There have been a series of really good posts from VentureBeat around the legacy platform leaders (e.g, Nintendo, Sony, etc).  For example, the recent posts on Sony's Vita as an example of the how it will be nearly impossible for dedicated gaming handhelds to thrive in a tablet world.  The math is just plain Buggywhipobvious – 1.8M Vitas sold, 10.5M Nintendo 3DS', and 12 million iPads in Q1 of this year.  I recently posted on this very same topic a couple of months ago which included market share numbers for smartphones, tablets, dedicated game handhelds, and consoles. 

It is very hard to cannibalize your base business but it’s foolish to deny fundamental secular math in the gaming industry — tablets and smartphones are the consoles of the future.  It’s even more alarming when you read that 75% of gamers will not purchase the upcoming Nintendo Wii U console as referenced in this study.  In fact, Electronic Arts (EA) is even trying to build a next generation console in an effort to preserve its major video game franchises such as Madden NFL. 
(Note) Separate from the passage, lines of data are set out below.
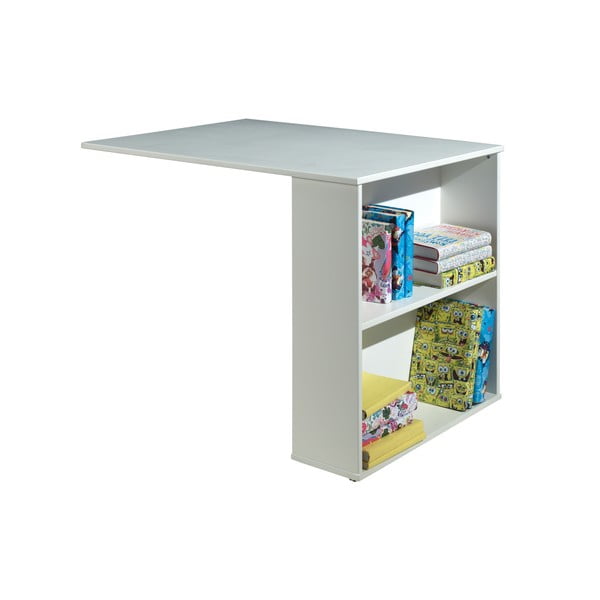 Biela vyvýšená detská posteľ z borovicového dreva s úložným priestorom s roštom 90x200 cm Scott – Vipack-image-4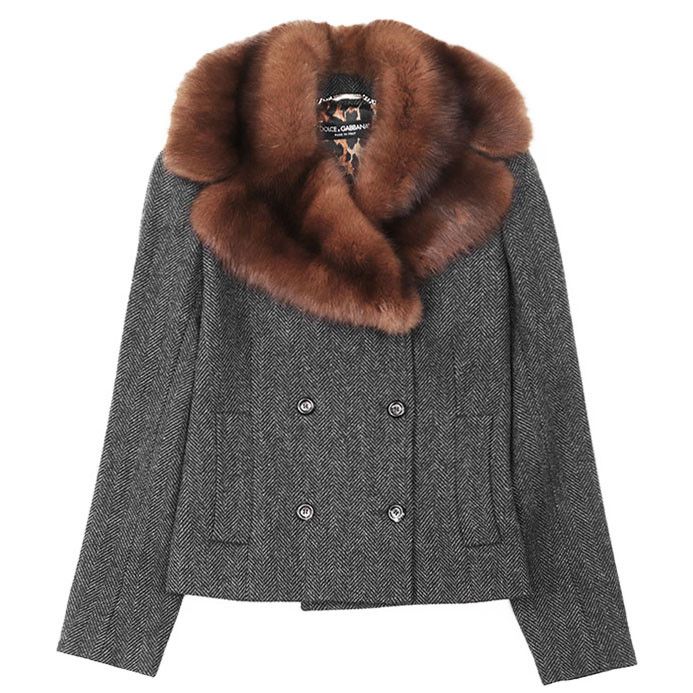 Dolce & Gabbana Dolce & Gabbana Dolce&Gabbana Herringbone Sable Tweed Jacket Natural Material Outerwear Size ONE SIZE - 11 Thumbnail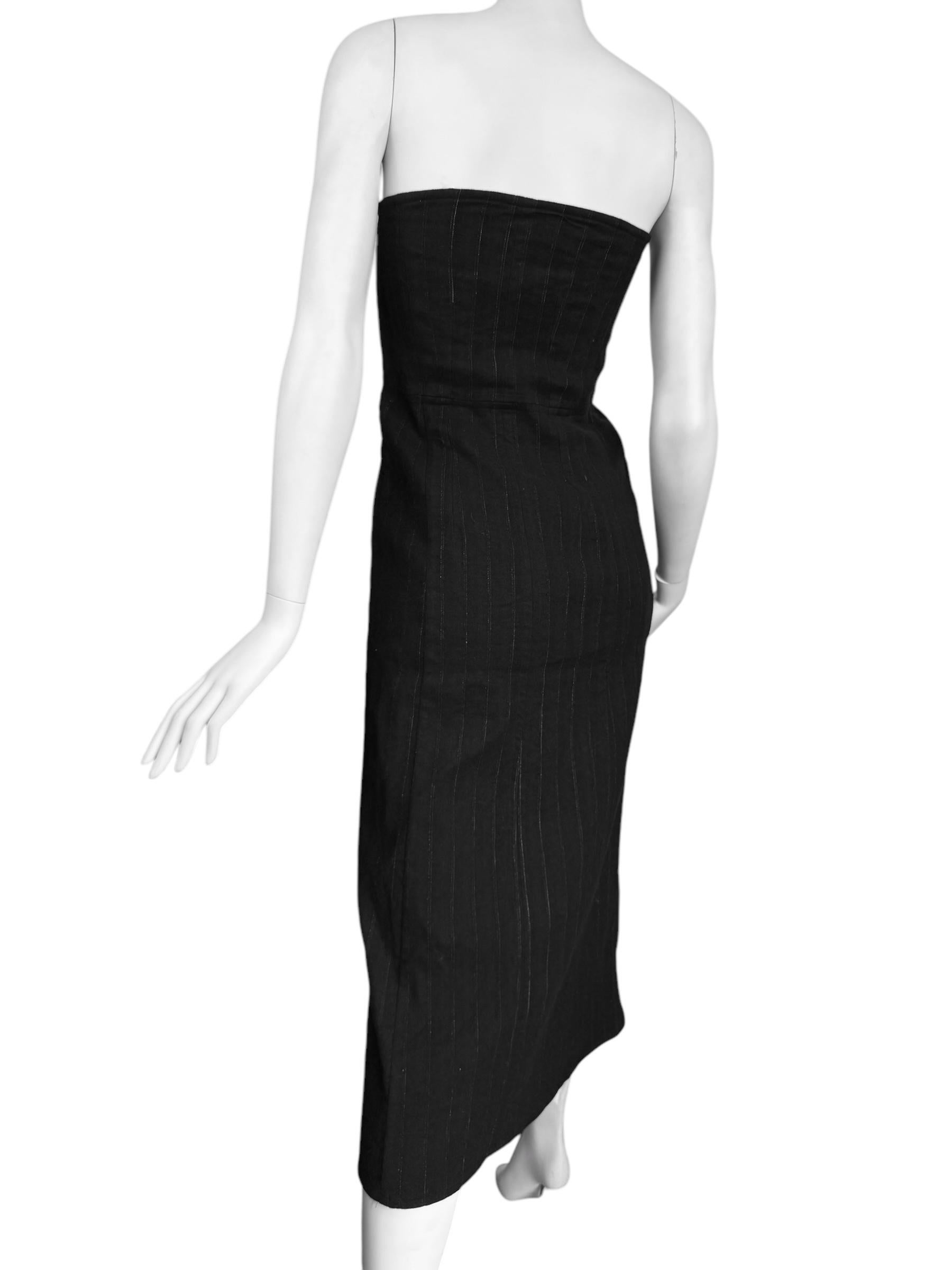 ANN DEMEULEMEESTER fw2018 BY SÉBASTIEN MEUNIER PINSTRIPED BUSTIER DRESS For Sale 5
If I were looking to down the barrel of such huge hegemonic secular market pressures as these gaming giants are, I would counsel embrace the market trends and do the following:

  1. Build an Android tablet – if you can't beat the trend then join them.  Let Google own the OS while you focus on specific hardware gaming hooks and features in the hardware.
  2. Build a better ecosystem – there is a huge Android ecosystem.  I would build a fantastic pure gaming appstore that invites developers into your new Android gaming environment with open arms.  I’d build fantastic gaming discovery, meta-level identity and achievements, etc.  In other words, figure out how to make the thousands of Android gaming developers successful.   Add a social networking layer and in essence create a better Xbox LIVE-meets-Facebook social gaming experience.  Heck, take less than a 30% cut to get developers excited.
  3. If you own IP, keep it closed – if you own a mega property (e.g, Super Mario), then keep it in your ecosystem.  That is a huge asset and a beloved game IP that can help you in my recommendaitons above.  Make your own IP as one of many motivators for people coming to your platform.  Be careful to not completely lock out other game developers — why not put special hardware buttons and/or screen elements to launch your games on the Android device, but, have a democratic (or fairly biased) appstore.
  4. Separate P&L, separate marching orders – I wouldn't try to have the innovators and market disruptors exist physically or fiscally near the traditional P&L.  Organisms like traditional businesses have a tendency to deploy antibodies designed to kill innovation or new business upstarts.

Most great companies that have fallen were victim to the inability to cannibalize themselves. Refusing to see secular trends has been the downfall of many great companies.